Why can I see multiple Wavebox processes in the task manager?
On macOS, the activity monitor shows a number of different names for Wavebox and these can be split into a few categories...
- Wavebox - this is the main Wavebox process that manages the user interface and the other processes
- Wavebox Helper (Renderer) - Each tab runs in its own process and these are listed as the render processes in the task manager
- Wavebox Helper (GPU) - This process provides dedicated graphics processing and hardware acceleration to Wavebox
- Wavebox Helper - These helper processes provide additional support for things like networking
On Windows, the task manager only shows multiple Wavebox processes and doesn't give any additional information.
Can I see what each process is doing?
Wavebox provides a built-in task manager that's able to show some enhanced information about what each process is used for - this can be really useful for debugging if one process has high resource usage, or if you're just curious.
To open the Wavebox task manager, click on the burger menu in the top-right of any window > more tools > task manager.
Here you can see a list of all the Wavebox processes that are running. Some are specifically for tabs or extensions. Others provide general utility functionality to Wavebox such as network or audio services.

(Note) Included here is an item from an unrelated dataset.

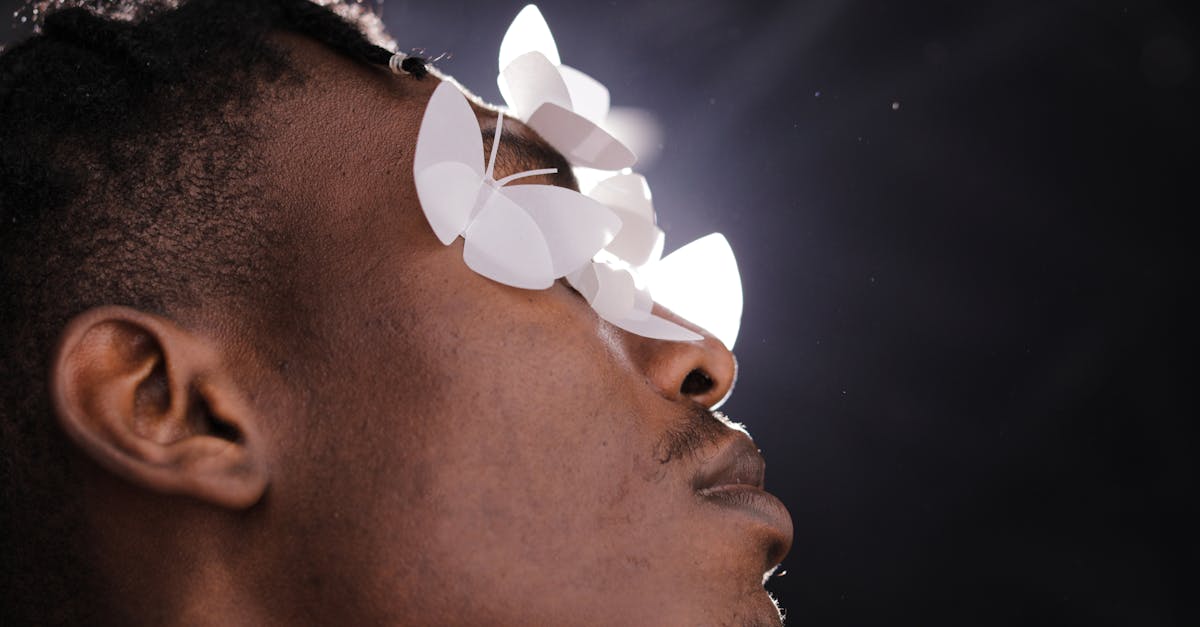découvrez les fantasmes masculins, un monde fascinant où se mêlent désirs, tabous et imagination. explorez comment ces rêves intérieurs peuvent influencer les relations, la perception de soi et la sexualité. plongez dans cette réflexion sur les aspirations et les fantasmes des hommes.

It's also possible to correlate the processes listed in the Wavebox task manager to those in the macOS activity monitor or Windows task manager. To do this you can use the "Process ID" listed in Wavebox and match it to the "PID" in the macOS activity monitor or Windows task manager.
It's worth noting, that CPU usage normally increases whilst the Wavebox task manager is open as Wavebox has to continually monitor resource usage across all processes.

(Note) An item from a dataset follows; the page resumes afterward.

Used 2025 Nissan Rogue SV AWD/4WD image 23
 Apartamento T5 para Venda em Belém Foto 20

Can I view any in-depth information about Wavebox processes?
To view additional information about Wavebox processes, open the Wavebox task manager, and right-click in the table header. Here you can add additional columns that show more information about each running process.
Why does Wavebox have so many processes?
Wavebox creates multiple processes to speed up browsing, make your browser more resistant to crashes, and isolate tabs from each other, increasing security, performance and reliability.
Websites are complicated, and the more complex a website is, the more ways things can go wrong. If something does go wrong, it can result in a crash and if everything is running in a single process a single crash on one page can crash all of Wavebox. Isolating each tab in its own process means that a crash from one tab means just that tab will crash and not the whole browser.
The majority of computers these days have multiple processing cores, which means that they're great at multitasking. By splitting large portions of Wavebox into different processes, Wavebox is able to take advantage of this by splitting the workload more evenly across all processing cores on your machine. This results in much faster performance.
Running everything in separate processes also makes it easier to protect your computer against malicious code running on a website. Each process in Wavebox is sandboxed, which means they're mostly isolated from the rest of the system and only have a reduced set of privileges. This means that if any malicious website tries to exploit Wavebox, the amount of damage it's able to do is limited to the single process it's running on and not the rest of Wavebox or your operating system.
One process has high CPU or memory usage, what can I do?
To do this, open the Wavebox task manager, click on the burger menu in the top-right of any window > more tools > task manager.
In the task manager, you might be able to spot a process with an unusually high memory footprint, or high CPU load. In the screenshot above, Facebook is using 194.9% CPU, which is unusual. You can end the process from the task manager, using the End process button.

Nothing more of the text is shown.